▸ **ACTIVITY**
After locating the line with "UNO GENF 1972" below, output it and each following line exactly, stopping after the line with "Linen Empire Waist". No pictures.

▸ **INPUT DATA**

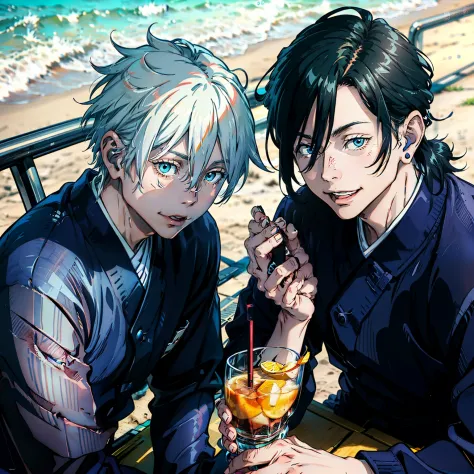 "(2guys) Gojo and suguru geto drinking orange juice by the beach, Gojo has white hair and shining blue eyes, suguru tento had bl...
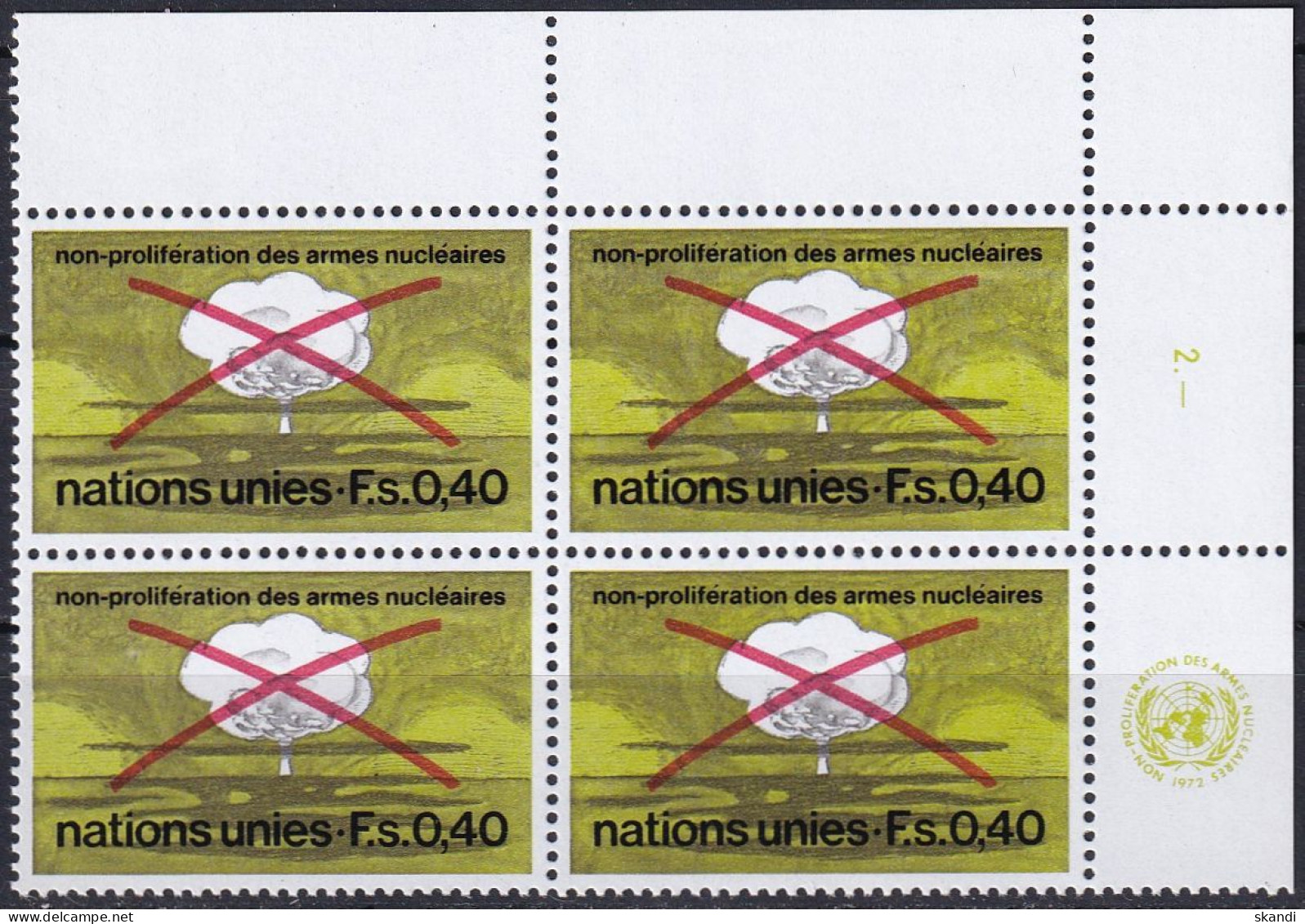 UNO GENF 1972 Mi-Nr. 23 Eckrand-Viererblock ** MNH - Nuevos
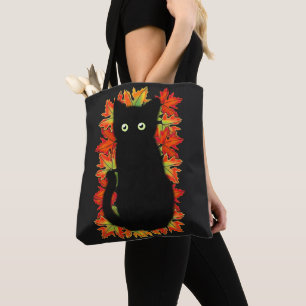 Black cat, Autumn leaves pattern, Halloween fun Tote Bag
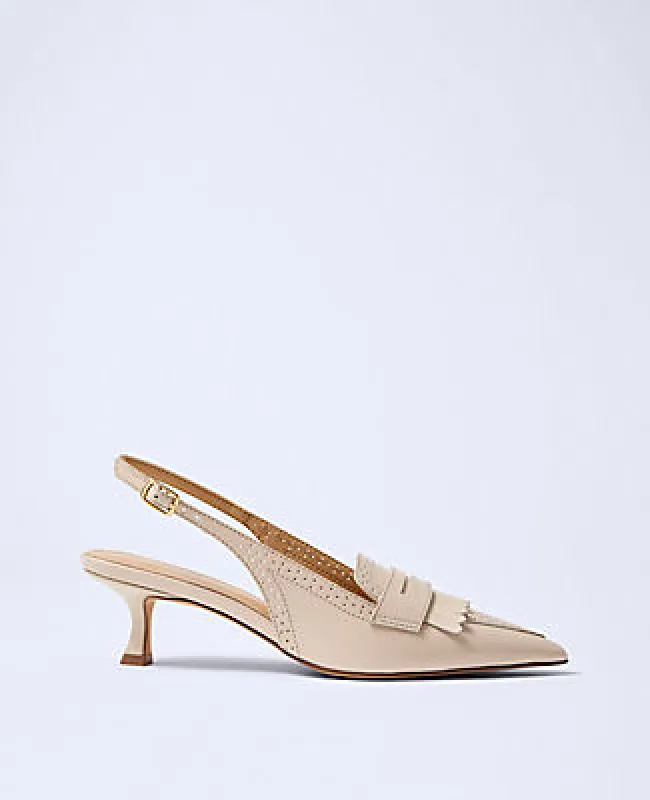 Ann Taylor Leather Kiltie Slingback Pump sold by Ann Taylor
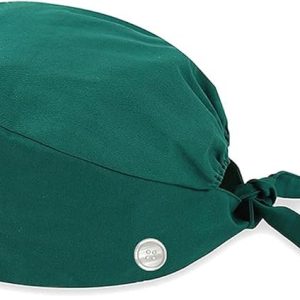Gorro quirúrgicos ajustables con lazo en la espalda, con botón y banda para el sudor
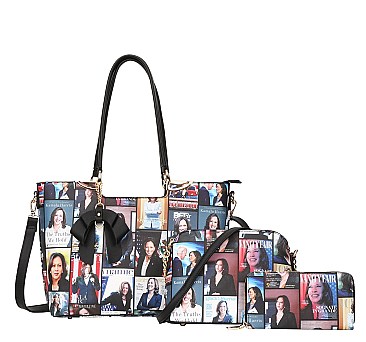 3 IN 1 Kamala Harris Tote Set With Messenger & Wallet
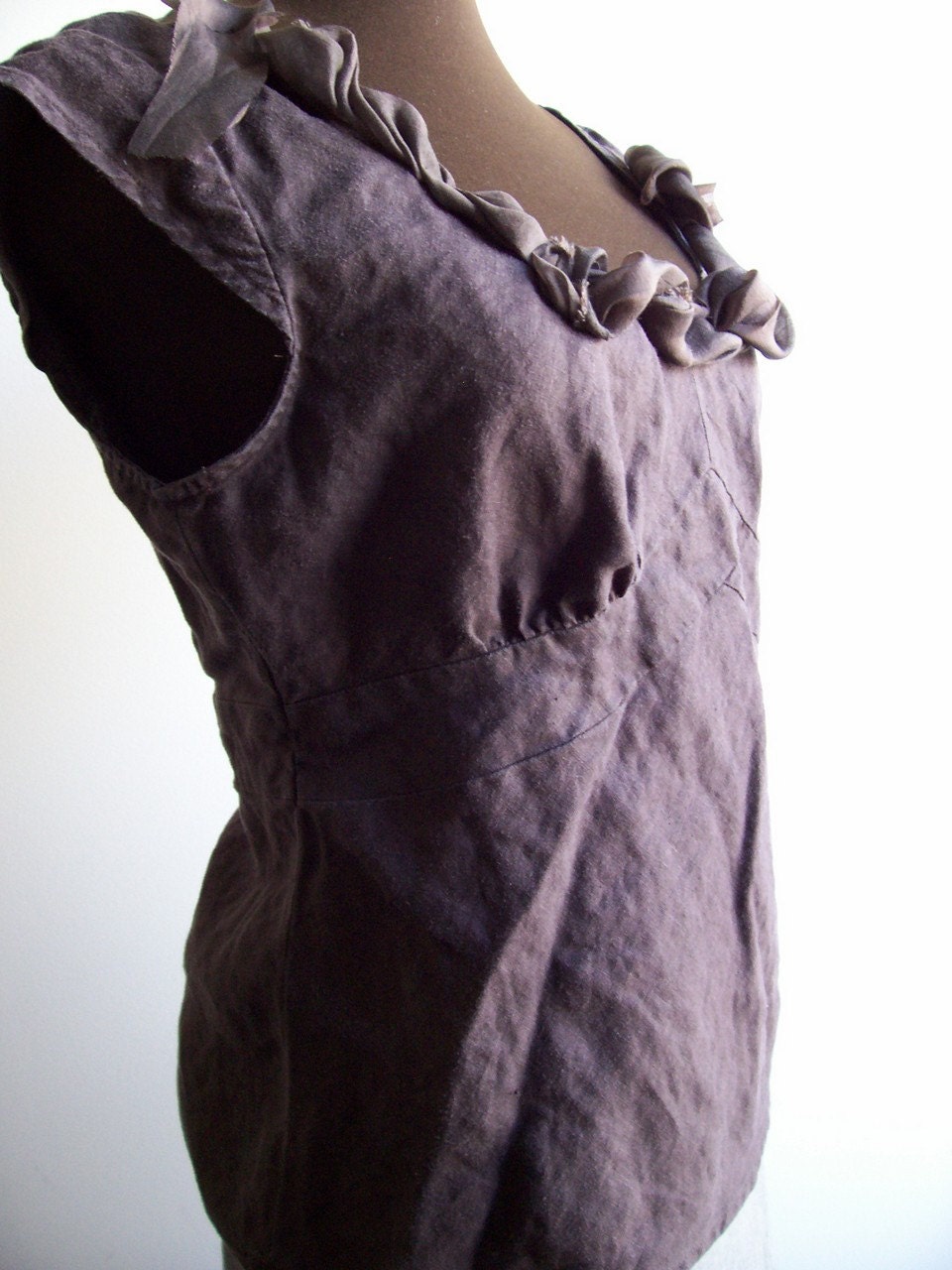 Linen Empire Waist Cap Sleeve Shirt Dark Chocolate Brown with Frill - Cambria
==
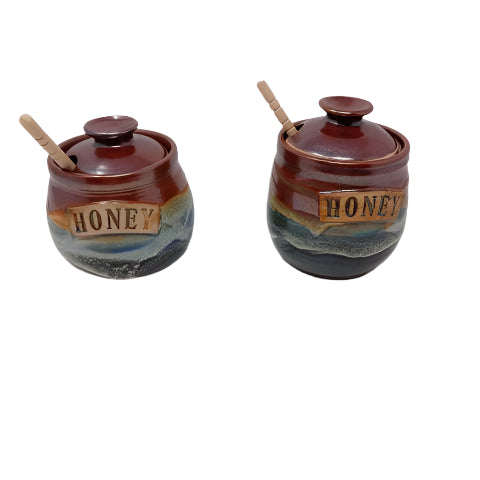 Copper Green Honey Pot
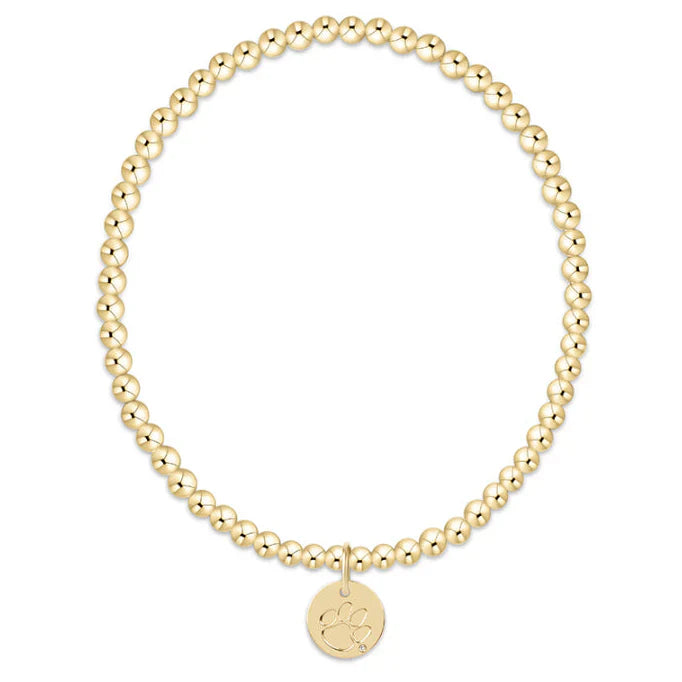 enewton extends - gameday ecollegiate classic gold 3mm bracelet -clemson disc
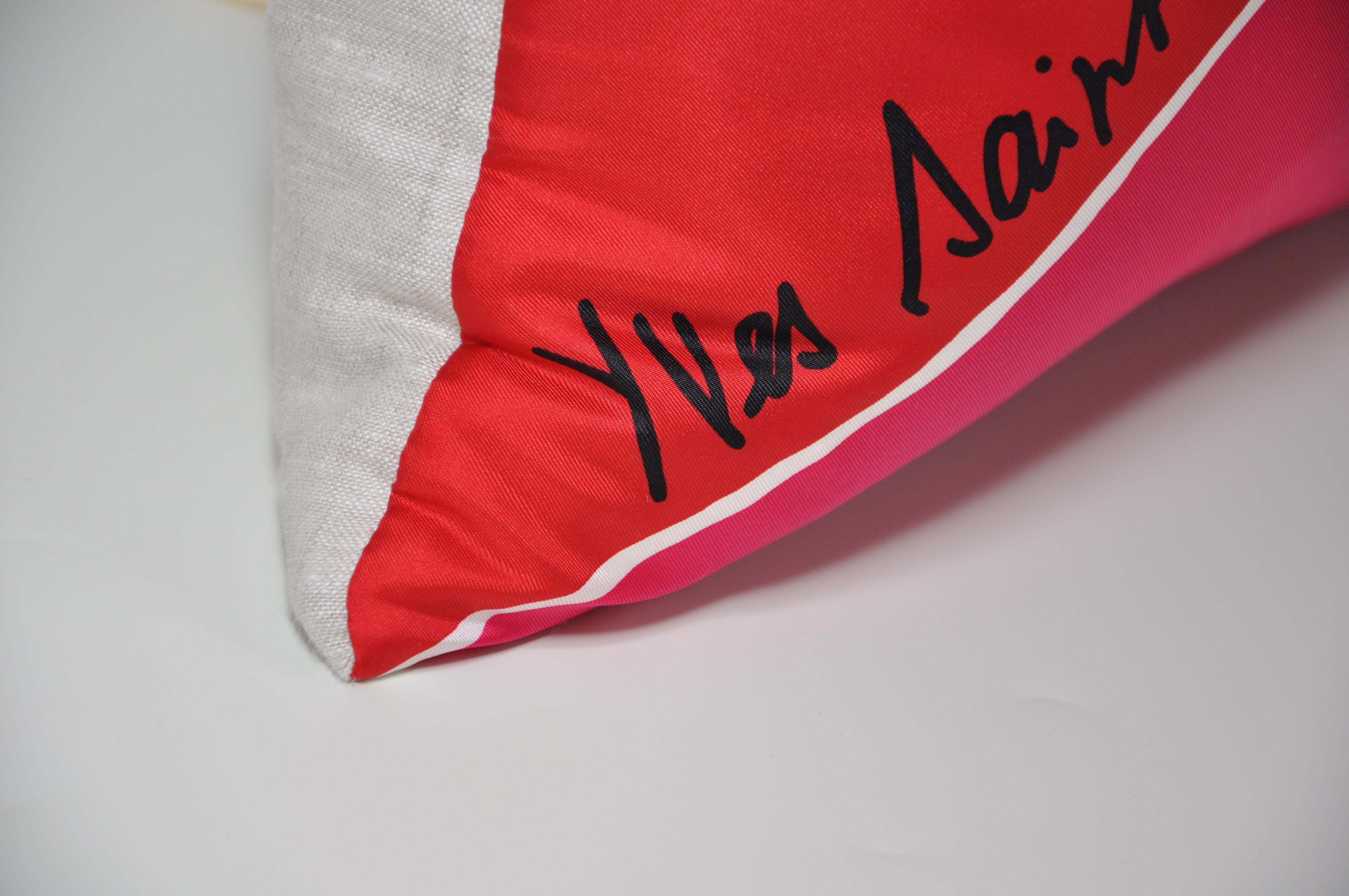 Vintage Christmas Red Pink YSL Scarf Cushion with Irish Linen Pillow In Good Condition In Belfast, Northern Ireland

▸ **ANSWER FOR THE TASK**
 UNO GENF 1972 Mi-Nr. 23 Eckrand-Viererblock ** MNH - Nuevos
 Black cat, Autumn leaves pattern, Halloween fun Tote Bag
 Ann Taylor Leather Kiltie Slingback Pump sold by Ann Taylor
Gorro quirúrgicos ajustables con lazo en la espalda, con botón y banda para el sudor
 3 IN 1 Kamala Harris Tote Set With Messenger & Wallet
 Linen Empire Waist Cap Sleeve Shirt Dark Chocolate Brown with Frill - Cambria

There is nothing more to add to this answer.